A infância é um tempo tido como especial, no qual as nostalgias habitam. Este também é um momento em que, talvez, as pessoas mais precisem de guia e proteção. É ali que se aprende o certo e o errado e se faz necessário o amparo diante de problemas. Isto, porque, teoricamente, as soluções ainda não foram ensinadas. Esses pensamentos podem vir recorrentemente enquanto a projeção de Pixote – A Lei do Mais Fraco acontece.
Dirigido por Hector Babenco (Carandiru), o filme é baseado no livro Pixote – Infância dos Mortos, de José Louzeiro. No enredo é mostrada a trajetória de um garoto de 11 anos, que entra na vida do crime, passando por um reformatório, fazendo parte de uma espécie de gangue e cometendo todos os tipos de delitos possíveis. O tempo inteiro, a obra deixa esta sensação amarga de quem é aquela personagem ilustrada na tela: uma criança, mas que está à margem. Os seus sofrimentos são revelados, mas também as suas forças e seus ímpetos de coragem para continuar sobrevivendo naquela realidade injusta e cruel que reside.
Sempre que o local da infância surge como um lampejo, vem a quebra para os atos de Pixote (Fernando Ramos da Silva) e de seus amigos, também menores de idade, que deveriam estar protegidos e não subjugados, porém que precisam continuar neste embate por suas próprias existências. Estes elementos são fomentados pela técnica, que eleva a potencialidade da narrativa, através de enquadramentos que traduzem os sentimentos das personagens, como na cena de Pixote com Lilica (Jorge Julião) na praia. O público se depara com um momento de lazer deles, mas também do constante lembrete de que a dupla está sempre em tensão. O quadro traz eles um do lado do outro, mas contemplativos, em alguns momentos dos diálogos, como se mesmo que sempre buscassem escapar isto fosse impossível.

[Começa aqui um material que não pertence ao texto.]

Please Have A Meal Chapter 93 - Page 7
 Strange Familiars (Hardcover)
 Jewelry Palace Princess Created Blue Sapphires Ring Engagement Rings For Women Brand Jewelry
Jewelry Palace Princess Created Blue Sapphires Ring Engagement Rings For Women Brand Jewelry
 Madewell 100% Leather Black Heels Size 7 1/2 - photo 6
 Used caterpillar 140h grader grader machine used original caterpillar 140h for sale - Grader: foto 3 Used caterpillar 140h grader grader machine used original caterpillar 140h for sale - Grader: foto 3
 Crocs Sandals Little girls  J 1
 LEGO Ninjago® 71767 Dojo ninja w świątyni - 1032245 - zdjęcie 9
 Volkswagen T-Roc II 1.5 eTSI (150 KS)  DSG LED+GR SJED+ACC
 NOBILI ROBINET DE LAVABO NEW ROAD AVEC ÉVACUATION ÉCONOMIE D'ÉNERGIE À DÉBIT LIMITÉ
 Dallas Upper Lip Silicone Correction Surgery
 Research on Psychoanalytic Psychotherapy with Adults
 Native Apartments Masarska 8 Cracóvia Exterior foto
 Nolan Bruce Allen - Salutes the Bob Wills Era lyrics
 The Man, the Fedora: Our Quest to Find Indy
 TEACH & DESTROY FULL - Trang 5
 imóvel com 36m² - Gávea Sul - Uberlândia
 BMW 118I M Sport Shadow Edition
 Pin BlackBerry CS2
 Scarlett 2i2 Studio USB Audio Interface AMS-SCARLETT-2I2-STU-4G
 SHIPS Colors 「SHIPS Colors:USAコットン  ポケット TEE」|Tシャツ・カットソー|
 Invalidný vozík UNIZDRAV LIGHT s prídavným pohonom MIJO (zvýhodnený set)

A iluminação também contribui para as atmosferas criadas, principalmente quando eles estão no reformatório. É como se a luz sempre informasse os estabelecimentos de poder e/ou ações dentro das sequências. Há o contraponto do que poderia ser visto ou não neste jogo e também nas sugestões de suspensão e relaxamento, diante do que ocorre no longa. Um exemplo do ápice desta característica é a cena em que alguns garotos são levados de carro para longe e dois deles são assassinados. O que é visto ou não provoca sensações. A dúvida do que está por vir também enerva quem assiste aos fatos, justamente porque há esta composição feita com as sombras e a luminosidade, além do som e das vozes que sugerem mais do que expõem com obviedade.
Por fim, em termos positivos, pode-se destacar três figuras do elenco que trazem composições equilibradas e que conseguem jogar em cena com os jovens intérpretes, fazendo as atuações deles crescerem. São eles: Tony Tornado (Rei do Rio), Marília Pêra (Central do Brasil) e Elke Maravilha (Zuzu Angel). São figuras ficcionais que trazem um peso e marcas consigo. Além disso, eles, cada um de seu modo, infligem pressão e certo temor para as crianças, evocando um ar de distanciamento, principalmente em gestos contidos que explodem e em olhares fixos.
Há, no entanto, um incômodo que perpassa a produção. Quando é preciso se fazer as transições de fases que Pixote passa (entrada no reformatório, fuga, encontro com Cristal etc) há sempre uma queda rítmica e certa demora para a liga da história retornar. Entre as perdas dos companheiros, por qualquer que sejam os motivos, a força do papel principal vai se esvaindo, quando ele deveria segurar o que já havia sido construído.